Combattu par les passions les plus violentes, je tombe à ses genoux : "O Biondetta ! m'écriai-je, vous ne voyez pas mon coeur ! vous cesseriez de le déchirer.

-- Vous ne me connaissez pas, Alvare, et me ferez cruellement souffrir avant de me connaître. Il faut qu'un dernier effort vous dévoile mes ressources, et ravisse si bien et votre estime et votre confiance, que je ne sois plus exposée à des partages humiliants ou dangereux ; vos pythonisses sont trop d'accord avec moi pour ne pas m'inspirer de justes terreurs. Qui m'assure que Soberano, Bernadillo, vos ennemis et les miens, ne soient pas cachés sous ces masques ? Souvenez-vous de Venise. Opposons à leurs ruses un genre de merveilles qu'ils n'attendent sans doute pas de moi. Demain, j'arrive à Maravillas dont leur politique cherche à m'éloigner ; les plus avilissants, les plus accablants de tous les soupçons vont m'y accueillir : mais dona Mencia est une femme juste, estimable ; votre frère a l'âme noble, je m'abandonnerai à eux. Je serai un prodige de douceur, de complaisance, d'obéissance, de patience, j'irai au-devant des épreuves."

Elle s'arrête un moment. "Sera-ce assez t'abaisser, malheureuse sylphide ?" s'écrie-t-elle d'un ton douloureux.

Elle veut poursuivre ; mais l'abondance des larmes lui ôte l'usage de la parole.

Que devins-je à ces témoignages de passion, ces marques de douleur, ces résolutions dictées par la prudence, ces mouvements d'un courage que je regardais comme héroïque ! Je m'assieds auprès d'elle : j'essaie de la calmer par mes caresses ; mais d'abord on me repousse : bientôt après je n'éprouve plus de résistance sans avoir sujet de m'en applaudir ; la respiration l'embarrasse, les yeux sont à demi fermés, le corps n'obéit qu'à des mouvements convulsifs, une froideur suspecte s'est répandue sur toute la peau, le pouls n'a plus de mouvement sensible, et le corps paraîtrait entièrement inanimé, si les pleurs ne coulaient pas avec la même abondance.

O pouvoir des larmes ! c'est sans doute le plus puissant de tous les traits de l'amour ! Mes défiances, mes résolutions, mes serments, tout est oublié. En voulant tarir la source de cette rosée précieuse, je me suis trop approché de cette bouche où la fraîcheur se réunit au doux parfum de la rose ; et si je voulais m'en éloigner, deux bras dont je ne saurais peindre la blancheur, la douceur et la forme, sont des liens dont il me devient impossible de me dégager

"O mon Alvare ! s'écrie Biondetta ; j'ai triomphé : je suis le plus heureux de tous les êtres."

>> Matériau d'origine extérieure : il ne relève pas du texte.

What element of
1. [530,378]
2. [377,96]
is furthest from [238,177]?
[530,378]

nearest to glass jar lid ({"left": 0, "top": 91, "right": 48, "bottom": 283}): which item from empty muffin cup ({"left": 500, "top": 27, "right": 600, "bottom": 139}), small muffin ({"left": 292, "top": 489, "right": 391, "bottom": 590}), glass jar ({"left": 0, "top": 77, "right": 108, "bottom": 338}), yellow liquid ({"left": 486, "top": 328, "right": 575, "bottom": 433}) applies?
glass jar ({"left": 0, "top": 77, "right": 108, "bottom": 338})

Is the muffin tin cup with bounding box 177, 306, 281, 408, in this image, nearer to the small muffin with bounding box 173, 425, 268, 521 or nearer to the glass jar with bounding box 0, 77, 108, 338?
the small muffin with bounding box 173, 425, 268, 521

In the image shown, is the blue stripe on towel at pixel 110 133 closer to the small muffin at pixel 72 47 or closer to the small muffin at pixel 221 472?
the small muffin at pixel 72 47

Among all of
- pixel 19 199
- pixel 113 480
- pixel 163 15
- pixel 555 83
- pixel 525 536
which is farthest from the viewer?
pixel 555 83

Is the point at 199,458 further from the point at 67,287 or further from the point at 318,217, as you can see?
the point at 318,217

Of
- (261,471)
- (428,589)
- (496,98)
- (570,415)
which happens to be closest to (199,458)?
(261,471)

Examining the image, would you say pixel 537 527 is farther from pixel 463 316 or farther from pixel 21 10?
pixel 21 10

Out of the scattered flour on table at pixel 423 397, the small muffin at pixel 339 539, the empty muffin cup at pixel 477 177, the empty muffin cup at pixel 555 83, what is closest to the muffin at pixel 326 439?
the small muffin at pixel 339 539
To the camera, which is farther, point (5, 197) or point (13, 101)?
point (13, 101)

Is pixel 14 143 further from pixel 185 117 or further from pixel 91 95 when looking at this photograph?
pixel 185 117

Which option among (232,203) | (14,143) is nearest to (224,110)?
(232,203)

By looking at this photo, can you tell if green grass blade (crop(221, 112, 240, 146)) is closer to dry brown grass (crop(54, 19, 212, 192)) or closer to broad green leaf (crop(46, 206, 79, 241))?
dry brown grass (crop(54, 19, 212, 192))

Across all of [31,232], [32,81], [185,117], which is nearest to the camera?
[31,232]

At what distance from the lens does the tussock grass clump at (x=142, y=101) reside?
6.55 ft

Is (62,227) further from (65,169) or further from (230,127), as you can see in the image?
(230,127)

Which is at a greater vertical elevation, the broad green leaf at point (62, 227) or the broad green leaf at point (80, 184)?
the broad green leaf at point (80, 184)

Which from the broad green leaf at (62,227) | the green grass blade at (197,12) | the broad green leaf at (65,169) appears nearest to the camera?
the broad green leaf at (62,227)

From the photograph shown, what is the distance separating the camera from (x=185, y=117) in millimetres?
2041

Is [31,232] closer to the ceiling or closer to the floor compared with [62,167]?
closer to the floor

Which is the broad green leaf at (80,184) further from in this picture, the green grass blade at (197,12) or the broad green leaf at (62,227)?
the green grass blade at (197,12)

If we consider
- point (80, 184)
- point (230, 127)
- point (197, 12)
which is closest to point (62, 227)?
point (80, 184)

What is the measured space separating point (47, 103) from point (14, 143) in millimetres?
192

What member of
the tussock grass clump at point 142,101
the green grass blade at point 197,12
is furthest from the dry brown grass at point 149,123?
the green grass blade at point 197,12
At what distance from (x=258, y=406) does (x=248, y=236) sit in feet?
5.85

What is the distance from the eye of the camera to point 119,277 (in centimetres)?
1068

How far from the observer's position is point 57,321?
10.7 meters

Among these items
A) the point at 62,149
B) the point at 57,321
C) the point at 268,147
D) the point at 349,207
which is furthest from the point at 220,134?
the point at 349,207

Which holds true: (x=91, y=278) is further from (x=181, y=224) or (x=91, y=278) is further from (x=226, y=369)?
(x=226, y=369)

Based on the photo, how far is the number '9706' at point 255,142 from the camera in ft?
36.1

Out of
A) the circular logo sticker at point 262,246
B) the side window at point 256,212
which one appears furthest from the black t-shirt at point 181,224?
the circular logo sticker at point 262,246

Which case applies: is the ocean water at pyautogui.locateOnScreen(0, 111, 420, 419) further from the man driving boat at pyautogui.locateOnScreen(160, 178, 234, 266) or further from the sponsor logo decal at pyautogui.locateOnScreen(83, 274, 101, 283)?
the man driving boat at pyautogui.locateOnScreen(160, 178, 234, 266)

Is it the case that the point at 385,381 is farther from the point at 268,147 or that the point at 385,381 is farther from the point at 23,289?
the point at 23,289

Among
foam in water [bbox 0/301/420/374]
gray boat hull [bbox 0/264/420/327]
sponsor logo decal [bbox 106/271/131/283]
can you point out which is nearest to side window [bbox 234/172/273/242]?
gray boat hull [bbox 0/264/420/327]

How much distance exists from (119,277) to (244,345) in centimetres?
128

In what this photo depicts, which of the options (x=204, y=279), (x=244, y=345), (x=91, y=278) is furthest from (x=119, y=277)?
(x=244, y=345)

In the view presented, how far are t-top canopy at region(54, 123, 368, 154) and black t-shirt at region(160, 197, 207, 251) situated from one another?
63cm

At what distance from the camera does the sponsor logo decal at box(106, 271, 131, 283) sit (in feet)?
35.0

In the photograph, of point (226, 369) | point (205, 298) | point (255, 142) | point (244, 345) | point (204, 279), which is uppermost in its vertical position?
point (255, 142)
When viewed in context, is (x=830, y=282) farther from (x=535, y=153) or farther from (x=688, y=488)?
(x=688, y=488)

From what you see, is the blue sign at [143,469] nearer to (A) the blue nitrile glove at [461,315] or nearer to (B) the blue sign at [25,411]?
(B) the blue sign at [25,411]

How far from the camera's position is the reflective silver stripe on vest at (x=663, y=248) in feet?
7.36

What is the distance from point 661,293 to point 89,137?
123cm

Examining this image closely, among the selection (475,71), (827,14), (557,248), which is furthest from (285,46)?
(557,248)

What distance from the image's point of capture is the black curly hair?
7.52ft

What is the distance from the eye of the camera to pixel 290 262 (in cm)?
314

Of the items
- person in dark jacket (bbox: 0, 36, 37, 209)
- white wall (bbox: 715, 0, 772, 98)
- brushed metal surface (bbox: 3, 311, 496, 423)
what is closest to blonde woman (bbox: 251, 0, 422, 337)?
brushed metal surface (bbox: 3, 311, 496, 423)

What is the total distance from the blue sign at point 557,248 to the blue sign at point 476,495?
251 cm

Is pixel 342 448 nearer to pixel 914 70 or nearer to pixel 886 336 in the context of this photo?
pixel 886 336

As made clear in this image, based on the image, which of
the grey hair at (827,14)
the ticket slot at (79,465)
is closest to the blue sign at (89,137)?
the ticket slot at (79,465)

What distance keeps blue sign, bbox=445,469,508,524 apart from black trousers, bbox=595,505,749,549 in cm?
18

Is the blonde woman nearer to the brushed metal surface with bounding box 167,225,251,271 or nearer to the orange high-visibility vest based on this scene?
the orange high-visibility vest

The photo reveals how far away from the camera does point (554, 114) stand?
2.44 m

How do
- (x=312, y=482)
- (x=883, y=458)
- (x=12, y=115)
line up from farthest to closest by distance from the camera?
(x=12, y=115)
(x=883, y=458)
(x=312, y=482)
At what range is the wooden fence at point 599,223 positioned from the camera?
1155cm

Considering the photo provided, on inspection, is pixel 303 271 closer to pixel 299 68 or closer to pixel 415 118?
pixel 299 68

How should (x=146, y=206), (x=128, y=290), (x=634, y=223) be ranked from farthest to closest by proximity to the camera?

Je n'avais pas la force de parler : j'éprouvais un trouble extraordinaire : je dirai plus ; j'étais honteux, immobile. Elle se précipite à bas du lit : elle est à mes genoux : elle me déchausse. "Quoi ! chère Biondetta, m'écriai-je, quoi ! vous vous abaissez ?...

-- Ah ! répond-elle, ingrat, je te servais lorsque tu n'étais que mon despote : laisse-moi servir mon amant."

Je suis dans un moment débarrassé de mes hardes : mes cheveux, ramassés avec ordre, sont arrangés dans un filet qu'elle a trouvé dans sa poche. Sa force, son activité, son adresse ont triomphé de tous les obstacles que je voulais opposer. Elle fait avec la même promptitude sa petite toilette de nuit, éteint le flambeau qui nous éclairait, et voilà les rideaux tirés.